You have before you a great opportunity to build your concert/lifestyle portfolio in a beautiful setting, often with excellent light. You’re also one of many photographers in a small space, all with the same goal: to capture the best images possible to represent yourselves and the festival.
To make that happen, egos should be checked at the door so we recognize that we are part of a team, where the actions of one, positive or negative, represent us all. Here are some of the basics:
Respect: Number one. Respect the audience, the artists, the organizers, the crew and volunteers, security, and your fellow photographers. Use your common sense and remember the golden rule.
Audience sightlines: At the front of the stage, please be cognizant of the audience, first and foremost. They paid cash money to see these artists and don’t need to see it through your LCD screen or the back of your head. If you need to get right in someone’s grill to get a shot: a) be polite, b) let them know you’ll only be a moment and c) step in, shoot, and step out.
Move around: Part of concert photography etiquette 101 is giving everyone a chance to shoot from so-called prime spots and getting multiple angles. If you claim front and centre stage before a show starts, don’t stay there the whole set; stay in one spot for a few minutes at most, then let someone else in.

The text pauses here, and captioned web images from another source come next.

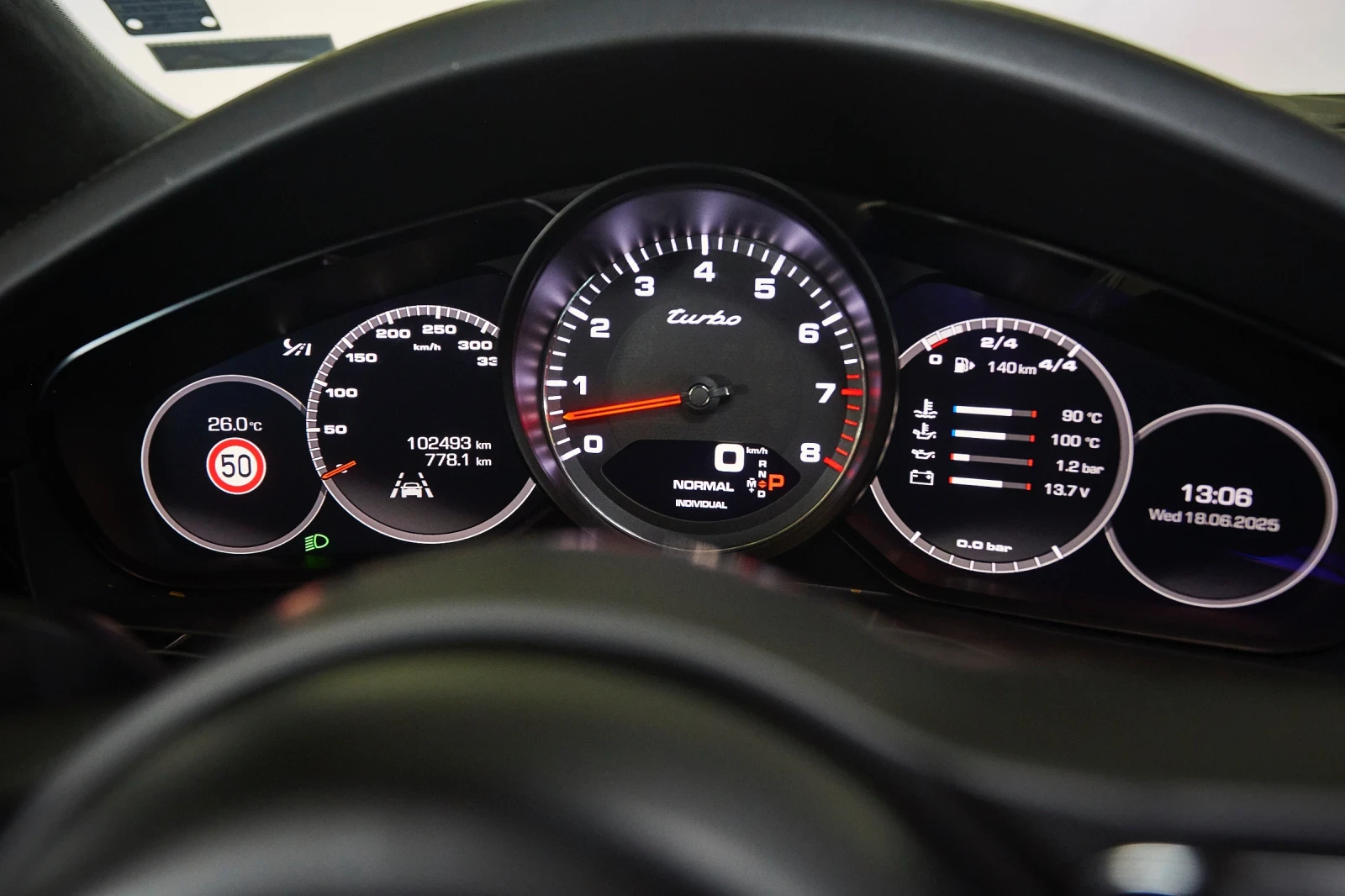 Porsche Cayenne TURBO/ALCANTARA/MATRIX | Mobile.bg � ����������� 13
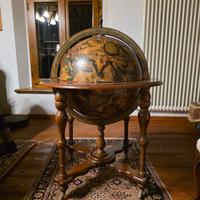 Mappamondo Bar - Made in Italy - Modello brevettat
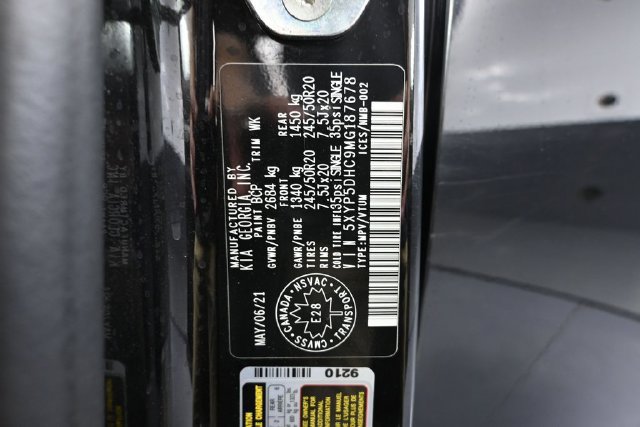 Used 2021 Kia Telluride SX AWD/4WD image 47
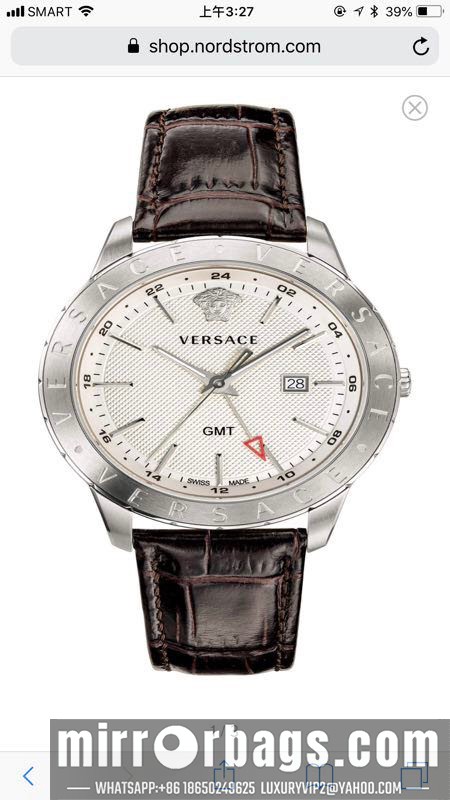 Versace 42mm 032464 Watch
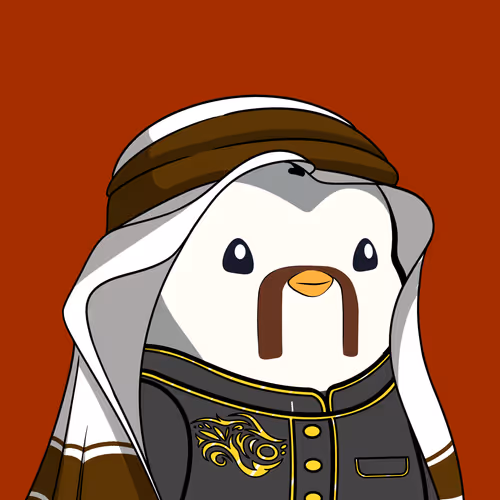 Saudi Penguins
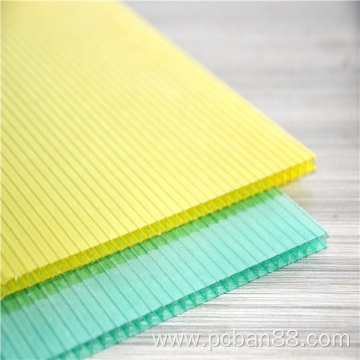 polycarbonate sheet for korea market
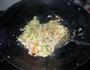 三文鱼炒饭的做法图解11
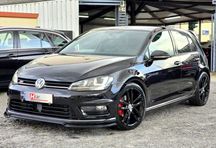 VOLKSWAGEN GOLF 7 R-LINE 1.6TDI 110CV "LOOK GTI"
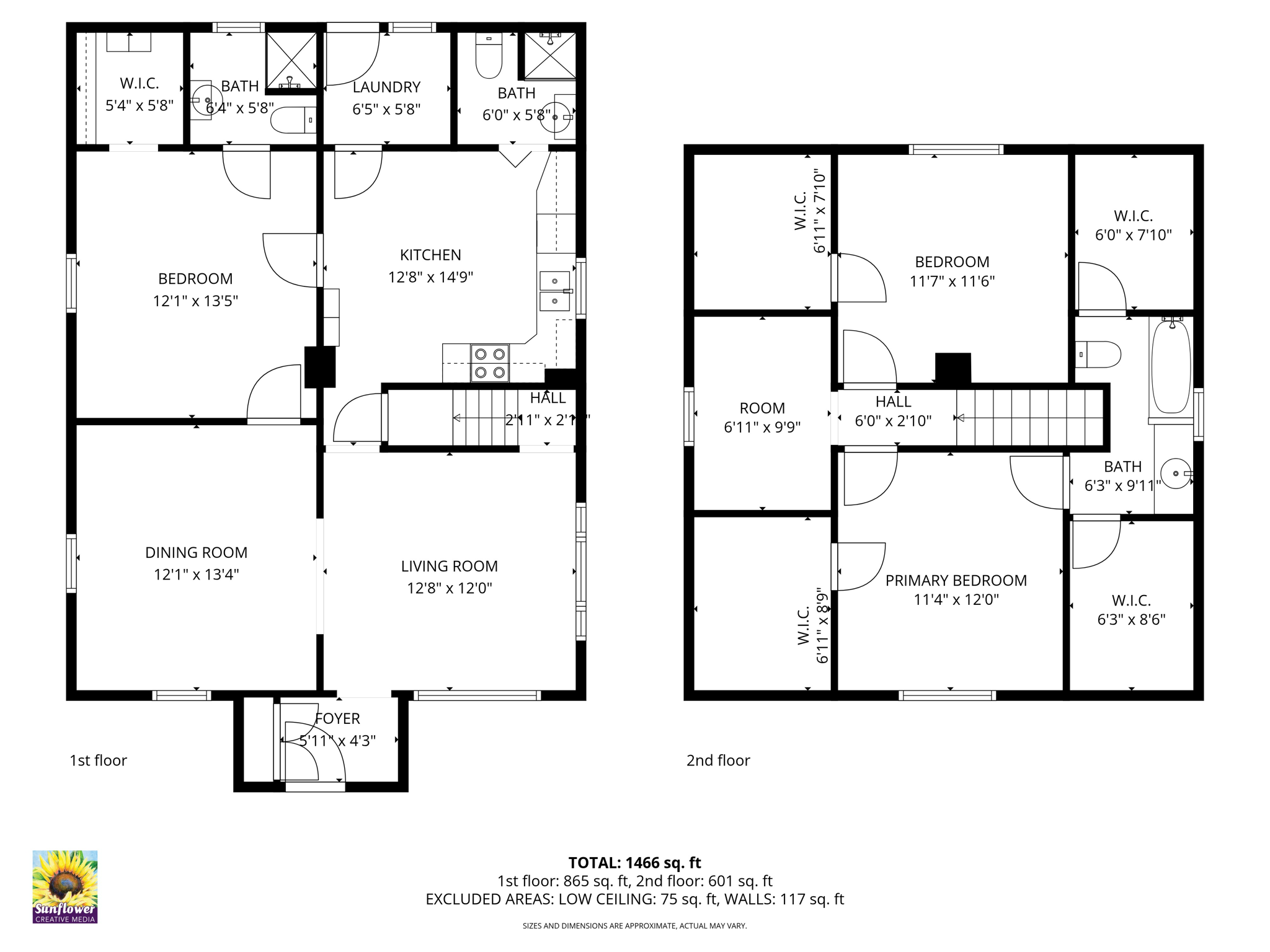 Floorplan #1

Seasoned concert audiences expect photographers to have access for the first three songs. After that, spread out and let them enjoy their show. Get some shots of the crowd from the edges, or some shots of the band with a sea of fans in the foreground.
The stage: It’s not the spot for your camera bag, your lunch, or your butt.
Onstage etiquette: If you’re granted onstage access, and you want some shots of the audience in front of the artists, please get up onto the side of the stage, get your shot, and get back down again. No loitering/walking up and down the stage, sitting on monitors, or going behind the drummer.
Exceptions: There’s a bit more freedom with DJ sets, while the crew is between shows. Just don’t distract the DJs and stay out of the crew’s way. And, when the audience is light during earlier shows, take that opportunity to get your stage bearings and find your ideal spots.
Issues: Should there be a conflict or grievance you wish to air, save it for the organizer(s) after the show. Getting into a shouting match with organizers/crew/security/another photographer while the show is on solves nothing.
Everyone’s respect will help the entire team kick ass. Whatever you’re shooting next, have a great show!